Christophe Mourthé – Ze interview

Mais où j’ai foutu ce putain de révélateur ?

Interview, photo & rock’n’roll, by Eric LaGuarda

 

L’invité du mois qui n’a pas su dire non

Christophe Mourthé, 56 ans, photographe et réalisateur professionnel à Paris.

Dita Von Teese - Oscar Wilde Official

Dita Von Teese – Oscar Wilde Officiel

Mais c’est qui, lui, déjà ?

Dans la France des années 80, le fetish sort de l’ombre et s’invite dans les médias, qu’il ne quittera plus depuis. Les instigateurs ? Robert Chouraqui et Christophe Mourthé.

La signature de Christophe Mourthé, c’est un univers photographique fort, fort en lumières, fort en couleurs, d’où surgissent des égéries sublimes. Vous connaissez Dita von Teese ? Alors vous connaissez forcément le travail de Christophe. Publications, éditions, expositions, ses travaux ont fait le tour du Monde.

Wé, putain, j’interviewe un vrai monsieur !!!

 

« Pourquoi lui ? », mes trois raisons

Christophe Mourthé et sa muse préfère, Zdenka

Christophe Mourthé et sa muse préférée, Zdenka

  1. Parce que le fetish et son imagerie me suivent depuis plusieurs décennies déjà. Et que les photos de Marlène, Dita von Teese, Julia Channel, Zdenka Novotna pour ne citer qu’elles, tous ces clichés de Christophe Mourthé vus dans les magazines de l’époque, sont autant d’îles qui peuplent les archipels de mon univers artistique.
  2. Parce que mes références artistiques sont à 98,5% composées de gens déjà décédés. Donc j’essaye de profiter au maximum des 1,5% qui s’accrochent à la vie.
  3. Parce que j’ai croisé Christophe sur des forums et des réseaux sociaux, et que j’ai apprécié sa sincérité et sa simplicité. Comme j’apprécie de le voir continuer à s’insurger contre les abus et les travers de cette société irresponsabilisante à l’extrême, alors qu’il pourrait juste se la péter tranquille en sirotant une coupe de champagne rosé.
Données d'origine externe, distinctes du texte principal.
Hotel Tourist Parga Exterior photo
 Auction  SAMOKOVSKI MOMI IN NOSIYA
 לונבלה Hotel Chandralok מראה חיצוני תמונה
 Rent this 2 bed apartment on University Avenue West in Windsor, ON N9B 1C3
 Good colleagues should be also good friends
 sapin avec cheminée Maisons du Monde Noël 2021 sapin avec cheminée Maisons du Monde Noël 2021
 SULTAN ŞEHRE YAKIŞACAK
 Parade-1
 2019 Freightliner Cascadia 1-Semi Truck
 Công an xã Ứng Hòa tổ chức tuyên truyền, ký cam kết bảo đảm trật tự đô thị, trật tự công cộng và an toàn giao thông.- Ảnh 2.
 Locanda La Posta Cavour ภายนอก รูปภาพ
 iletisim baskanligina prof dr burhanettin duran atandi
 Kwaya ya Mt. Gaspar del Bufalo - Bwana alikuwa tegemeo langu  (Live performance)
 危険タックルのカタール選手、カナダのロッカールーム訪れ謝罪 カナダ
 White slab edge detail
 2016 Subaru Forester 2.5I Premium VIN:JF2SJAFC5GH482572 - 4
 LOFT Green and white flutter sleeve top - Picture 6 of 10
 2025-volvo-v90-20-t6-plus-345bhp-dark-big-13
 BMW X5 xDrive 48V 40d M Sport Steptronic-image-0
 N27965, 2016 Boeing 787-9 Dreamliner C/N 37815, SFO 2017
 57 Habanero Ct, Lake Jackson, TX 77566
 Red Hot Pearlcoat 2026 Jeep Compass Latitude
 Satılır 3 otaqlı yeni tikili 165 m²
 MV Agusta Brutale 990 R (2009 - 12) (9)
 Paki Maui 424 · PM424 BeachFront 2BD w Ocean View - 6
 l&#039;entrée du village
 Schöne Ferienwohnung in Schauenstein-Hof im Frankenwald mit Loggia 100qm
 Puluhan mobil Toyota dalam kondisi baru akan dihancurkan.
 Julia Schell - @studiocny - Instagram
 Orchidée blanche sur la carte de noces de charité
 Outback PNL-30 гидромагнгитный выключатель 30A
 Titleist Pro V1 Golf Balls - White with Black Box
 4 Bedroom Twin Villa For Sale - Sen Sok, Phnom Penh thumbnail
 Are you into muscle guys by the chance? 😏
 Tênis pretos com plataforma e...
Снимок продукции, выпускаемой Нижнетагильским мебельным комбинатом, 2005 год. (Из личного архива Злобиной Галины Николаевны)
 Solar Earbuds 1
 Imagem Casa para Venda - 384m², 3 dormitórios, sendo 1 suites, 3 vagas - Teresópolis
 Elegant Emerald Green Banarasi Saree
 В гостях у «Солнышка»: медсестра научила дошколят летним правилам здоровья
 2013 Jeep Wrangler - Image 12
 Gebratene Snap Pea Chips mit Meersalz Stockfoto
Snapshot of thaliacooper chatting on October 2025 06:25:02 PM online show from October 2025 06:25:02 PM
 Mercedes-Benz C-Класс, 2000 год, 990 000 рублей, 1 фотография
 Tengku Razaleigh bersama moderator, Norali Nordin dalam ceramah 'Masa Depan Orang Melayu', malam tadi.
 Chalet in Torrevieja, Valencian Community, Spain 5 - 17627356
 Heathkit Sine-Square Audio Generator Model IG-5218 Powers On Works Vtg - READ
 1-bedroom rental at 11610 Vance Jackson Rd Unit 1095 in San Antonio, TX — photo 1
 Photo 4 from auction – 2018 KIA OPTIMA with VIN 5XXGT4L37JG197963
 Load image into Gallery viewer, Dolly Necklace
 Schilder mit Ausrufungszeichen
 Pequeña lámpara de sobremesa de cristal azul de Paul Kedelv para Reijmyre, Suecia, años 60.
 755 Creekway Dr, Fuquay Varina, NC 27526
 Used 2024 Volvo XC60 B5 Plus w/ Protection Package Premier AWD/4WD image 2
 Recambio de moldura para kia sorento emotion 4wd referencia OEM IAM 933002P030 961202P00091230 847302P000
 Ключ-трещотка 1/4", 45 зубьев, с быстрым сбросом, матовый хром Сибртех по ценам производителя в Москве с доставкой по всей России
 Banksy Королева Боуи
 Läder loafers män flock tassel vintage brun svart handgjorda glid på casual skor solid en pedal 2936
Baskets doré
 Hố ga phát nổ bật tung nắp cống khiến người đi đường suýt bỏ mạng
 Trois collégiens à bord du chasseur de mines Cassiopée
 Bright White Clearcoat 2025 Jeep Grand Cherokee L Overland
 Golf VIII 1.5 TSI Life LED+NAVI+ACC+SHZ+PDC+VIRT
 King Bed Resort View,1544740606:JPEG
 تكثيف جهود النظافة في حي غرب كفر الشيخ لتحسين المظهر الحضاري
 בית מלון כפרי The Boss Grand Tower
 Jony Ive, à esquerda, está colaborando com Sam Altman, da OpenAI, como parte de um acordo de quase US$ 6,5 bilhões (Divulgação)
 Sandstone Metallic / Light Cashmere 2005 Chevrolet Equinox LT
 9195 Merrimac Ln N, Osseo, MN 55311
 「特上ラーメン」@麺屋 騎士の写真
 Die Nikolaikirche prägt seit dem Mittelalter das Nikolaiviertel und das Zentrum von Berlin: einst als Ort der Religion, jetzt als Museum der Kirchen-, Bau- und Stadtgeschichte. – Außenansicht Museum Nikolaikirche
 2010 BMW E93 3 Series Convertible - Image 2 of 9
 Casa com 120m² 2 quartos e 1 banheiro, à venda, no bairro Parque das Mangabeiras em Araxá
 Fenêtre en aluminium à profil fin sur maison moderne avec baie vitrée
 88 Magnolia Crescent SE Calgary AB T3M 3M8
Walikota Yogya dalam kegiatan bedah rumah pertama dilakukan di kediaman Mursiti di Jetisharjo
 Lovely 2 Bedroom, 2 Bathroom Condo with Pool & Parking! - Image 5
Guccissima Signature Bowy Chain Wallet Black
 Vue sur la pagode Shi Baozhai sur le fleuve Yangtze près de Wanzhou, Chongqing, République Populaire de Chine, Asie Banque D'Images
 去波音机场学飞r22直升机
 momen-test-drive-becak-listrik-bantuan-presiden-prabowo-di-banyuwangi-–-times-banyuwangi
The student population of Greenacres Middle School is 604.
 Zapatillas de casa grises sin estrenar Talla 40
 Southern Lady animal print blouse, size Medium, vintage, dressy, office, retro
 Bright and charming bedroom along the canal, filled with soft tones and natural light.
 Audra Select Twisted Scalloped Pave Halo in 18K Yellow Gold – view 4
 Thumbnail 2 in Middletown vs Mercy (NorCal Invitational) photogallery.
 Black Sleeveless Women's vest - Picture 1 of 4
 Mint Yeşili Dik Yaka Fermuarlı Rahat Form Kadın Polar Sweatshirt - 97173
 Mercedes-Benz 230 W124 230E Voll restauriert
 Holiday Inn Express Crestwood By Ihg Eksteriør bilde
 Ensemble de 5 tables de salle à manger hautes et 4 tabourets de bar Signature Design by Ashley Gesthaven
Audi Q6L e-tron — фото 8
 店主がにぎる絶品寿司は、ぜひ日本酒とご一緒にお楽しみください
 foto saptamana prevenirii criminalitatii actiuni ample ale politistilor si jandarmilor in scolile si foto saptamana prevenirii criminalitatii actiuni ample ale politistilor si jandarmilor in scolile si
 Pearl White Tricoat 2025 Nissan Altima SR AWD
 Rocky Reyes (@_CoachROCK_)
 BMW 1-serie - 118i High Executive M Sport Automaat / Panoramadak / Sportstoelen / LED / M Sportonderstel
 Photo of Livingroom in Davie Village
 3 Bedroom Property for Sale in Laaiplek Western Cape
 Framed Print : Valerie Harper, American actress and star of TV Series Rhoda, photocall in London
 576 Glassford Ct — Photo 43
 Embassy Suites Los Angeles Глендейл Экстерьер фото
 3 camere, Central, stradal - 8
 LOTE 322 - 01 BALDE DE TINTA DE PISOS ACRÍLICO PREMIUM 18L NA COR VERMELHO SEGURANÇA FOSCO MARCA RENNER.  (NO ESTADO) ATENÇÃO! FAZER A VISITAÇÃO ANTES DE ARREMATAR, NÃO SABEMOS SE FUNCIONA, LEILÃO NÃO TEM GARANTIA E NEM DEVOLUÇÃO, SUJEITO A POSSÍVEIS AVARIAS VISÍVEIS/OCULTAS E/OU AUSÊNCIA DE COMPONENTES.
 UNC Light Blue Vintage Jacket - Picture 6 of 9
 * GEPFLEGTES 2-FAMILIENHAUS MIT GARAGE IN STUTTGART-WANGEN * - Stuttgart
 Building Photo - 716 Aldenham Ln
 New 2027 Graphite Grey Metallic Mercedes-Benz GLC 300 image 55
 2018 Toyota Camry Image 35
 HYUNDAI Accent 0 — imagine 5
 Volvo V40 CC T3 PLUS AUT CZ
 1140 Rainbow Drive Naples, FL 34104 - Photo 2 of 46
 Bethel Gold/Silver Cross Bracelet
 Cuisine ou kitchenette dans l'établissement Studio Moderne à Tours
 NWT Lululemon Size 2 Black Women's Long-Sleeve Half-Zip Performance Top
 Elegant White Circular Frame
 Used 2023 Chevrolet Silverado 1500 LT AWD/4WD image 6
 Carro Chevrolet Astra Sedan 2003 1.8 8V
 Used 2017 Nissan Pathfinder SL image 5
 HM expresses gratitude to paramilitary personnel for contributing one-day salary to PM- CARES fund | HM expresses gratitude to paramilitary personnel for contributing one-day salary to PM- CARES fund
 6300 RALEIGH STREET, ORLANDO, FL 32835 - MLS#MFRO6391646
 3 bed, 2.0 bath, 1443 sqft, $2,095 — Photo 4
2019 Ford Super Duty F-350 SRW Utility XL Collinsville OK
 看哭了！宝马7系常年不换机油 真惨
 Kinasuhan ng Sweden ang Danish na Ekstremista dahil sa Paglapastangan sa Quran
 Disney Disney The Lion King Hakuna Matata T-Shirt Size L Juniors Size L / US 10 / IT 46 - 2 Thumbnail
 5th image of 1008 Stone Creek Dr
Je sais, « irresponsabilisant » est un mot qui n’existe pas, mais je ponds du néologisme au kilomètre ces temps-ci. Pour ceux qui ont déjà mal au crâne avec tous ces mots compliqués, je conseille le Larousse en ligne. Rajoutez un ou deux Doliprane quand même, ca sera plus sur…

 

Bon, elle commence quand ton interview, Général LaGuarda ?

OK, la foule s’impatiente… Bonjour et merci Christophe de contribuer à améliorer la qualité de ce blog à peine naissant. 

 

Nous allons donc débuter par un petit inventaire à la con à la Prévert


Quelle est ta couleur préférée ?

L’Orange et le Noir (et non le Rouge et le Noir )… Ce n’est pas Stendal, c ‘est l’équipe de Hollande menée par Johan Cruijff en Allemagne pour le mondial 1974. Les nouvelles libertés de ma vie à 15 ans, les virées en Hollande à courir les blondes et accessoirement quelques ballons…

Ton plat et ton alcool préférés ?

Le foie gras accompagné d’un Sauternes frais à souhait. Je n’ai même pas honte. J’irai même en manger accad59cvteldcompagné d’une blonde en fourrure et bas couture…

Ta voiture préférée ?

La Cadillac Eldorado 1959. Elle est presque fuselée comme une Femme…Rouge de préférence, comme un rouge à lèvres, comme ses ailerons à l’arrière.

Ton groupe de musique préféré ?

J’ai été bercé par les frères Mael, qui formaient le groupe des Sparks dans les 70’s. « This Town Ain’t Big Enough for Both of Us », paru en 1974 sur l’album Kimono My House… encore l’année 1974…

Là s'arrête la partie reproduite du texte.